A couple of years ago I contacted Baynes – a Ukrainian Mathematics graduate student at Kiev University who moonlights as a app creator on Elance, to create an interactive transcript app. Unfortunately , and mainly due to some technological limitations, we were not able to complete the app. I did not recognize the omen; unfinished projects usually come back to haunt you!
We however kept in touch, we shared a common love for Sherlock Holmes – especially the new BBC series, which is awesome. But I digress. I got in touch with Baynes a month ago to see how he was doing, in light of the political turmoil in his country, and he was doing fine. Despite the fact they had been invaded by Russia!
Anyway, he told me that he had been working on a new app with the IBM Watson API on speech recognition. That pricked up my ears because I have a vested interest in speech recognition technology. Watson is a “cognitive technology that processes information more like a human than a computer—by understanding natural language.”
If you are a fan of Jeopardy!, Watson was the IBM supercomputer that crushed 2 of the best human Jeopardy! contestants. After being humiliated by the “thinking machine”, one of the contestants made this prophetic statement: “quiz show contestant’ may be the first job made redundant by Watson, but I’m sure it won’t be the last.”
On November 14th, IBM announced that it was going to give app developers access to Watson in the cloud. New Watson-driven apps are targeted to enter the market in 2014. The end is nigh.
You might have used speech or voice recognition technologies on your mobile device, to search the internet, or on YouTube. It’s become ubiquitous. Windows Vista, 7/8 are all shipped with a built-in speech recognition software. It’s not a stretch of the imagination to envision a software that can transcribe audio into text.
If fact there are a number of software in the market that do exactly that, Dragon being one that comes to mind. But they all have a major drawback. They are very inaccurate. Especially when an audio file has more than one speaker, for instance in a research interview. And even when there is only one speaker present in the recording, you need to train the software (minimum 12 hours of training) to recognize the variations in the individual’s speech pattern.
I’ve always been amused at YouTube’s attempts at speech recognition. Google speech engine spews out garbage, funny garbage though. You’ve got to watch this:
How accurate is speech recognition software. About 80% with clear one speaker audio (remember you need to train the software). Throw in some background noise, accents, or a multiple speakers and that accuracy rate goes down to 50% – 60%. In contrast a professional transcriber transcribes audio to at least 98% accuracy level.
A Death Foretold
Back to Baynes.

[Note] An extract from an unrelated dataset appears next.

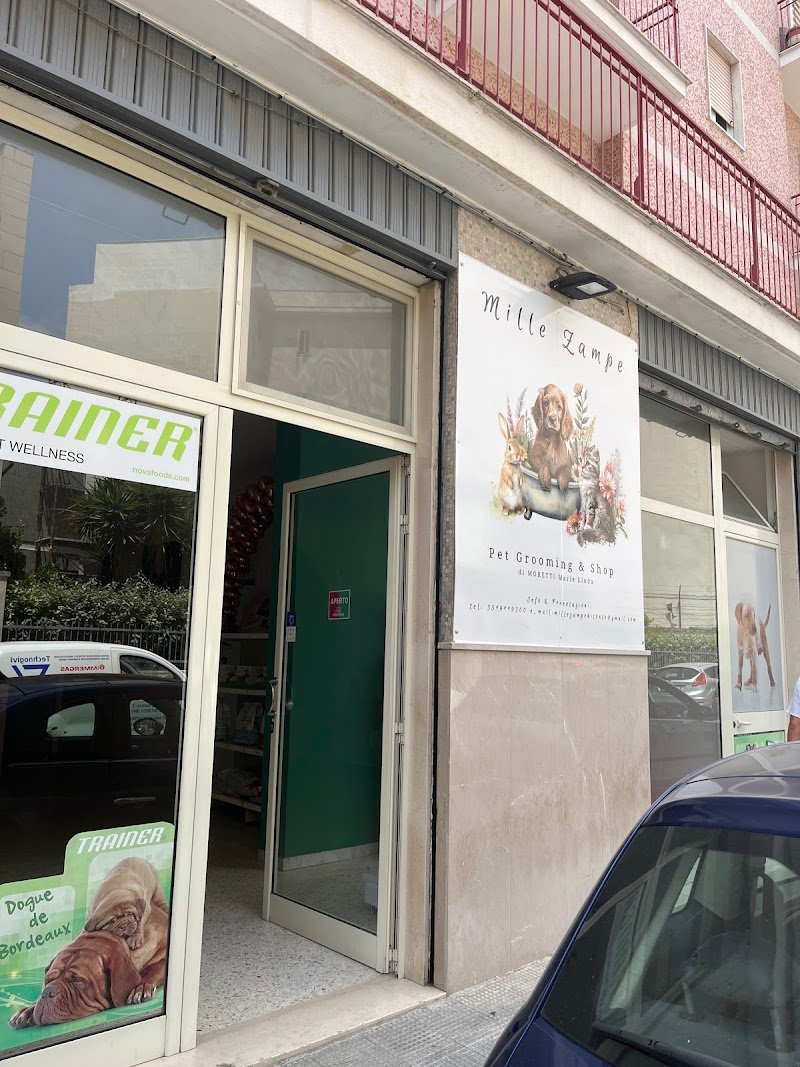 Mille Zampe toelettatura - Foto 3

Using the natural language capabilities of IBM’s Watson, coupled with the university’s supercomputer, Baynes has been able to get Watson to transcribe audio to text with 98% accuracy. At least that’s what he told me a week ago. My reaction, un be live able! His response, “I can prove it.”

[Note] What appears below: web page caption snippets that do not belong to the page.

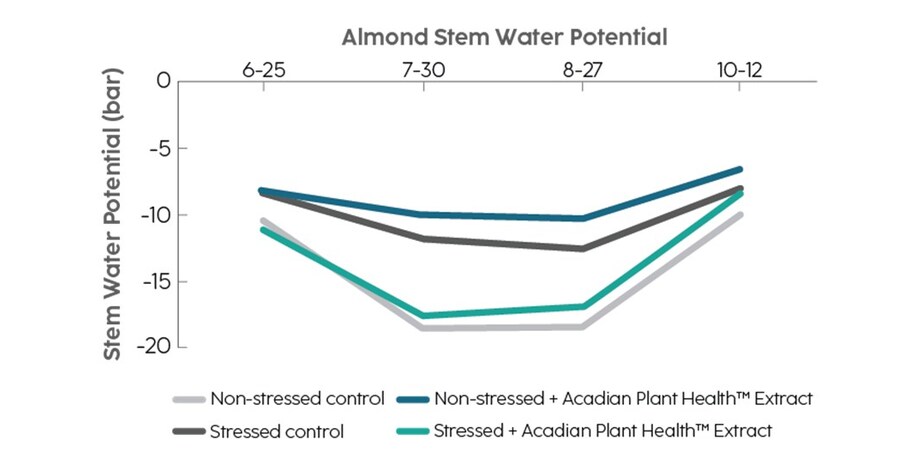 Read more about the article Acadian Plant Health™ almond study in California shows that biostimulants improved water use despite regional record temperatures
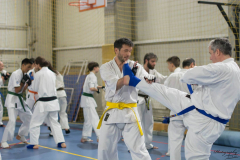 46469326_757650367902849_1951390774297886720_n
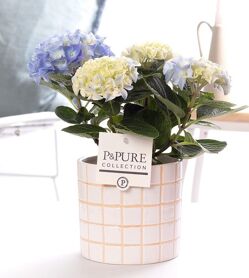 Hydr M Early Blue 2+ Keramiek Tirza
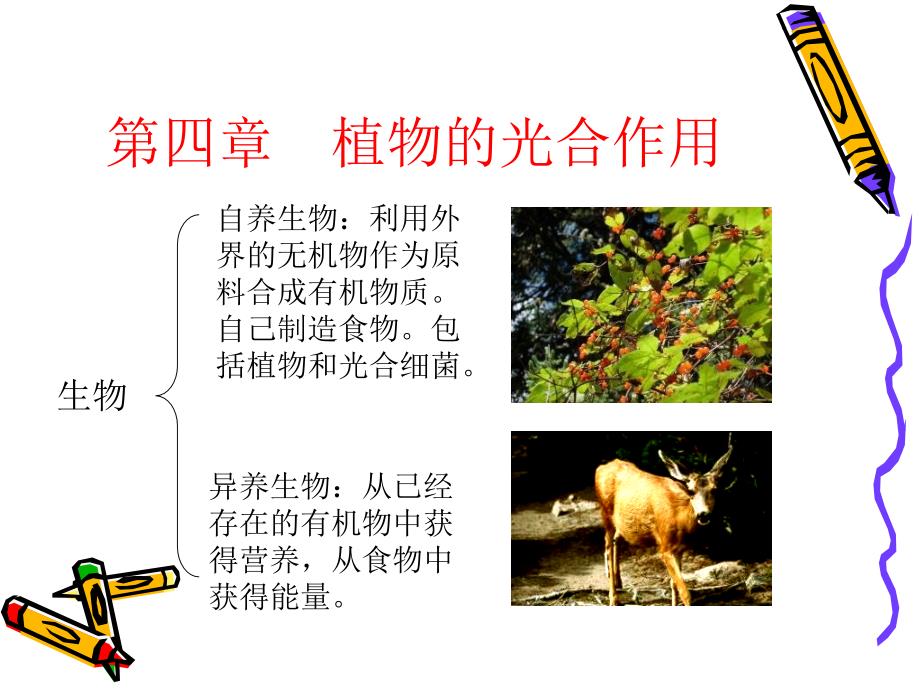 第三章光合作用.ppt_第2页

So I sent Baynes a 1 hour one-on-one Skype interview. The audio quality was not that great and the line dropped a few times during the interview. I struggled to transcribe this particular interview. 10 minutes later, he sent me a transcript of the interview. I compared his transcript to my transcript using the compare feature in MS Word. The transcript was 98.32% accurate! And it only took him 10 minutes to transcribe an audio. It took me 6 hours.
I was stunned. I had a moment of derealization. I felt like Santiago Nasar reading Gabriel García Márquez’s Chronicle of a Death Foretold. I realized that my days as a academic transcriber are numbered. What to do!
Yesterday I got in touch with Baynes, after a few days brooding. I had one question for him, how long before the app hits the market? “A year at most,” was what he told me. So I have until April 1st 2015 to learn a new skill. And I need to learn something that’s Watson proof. Any ideas?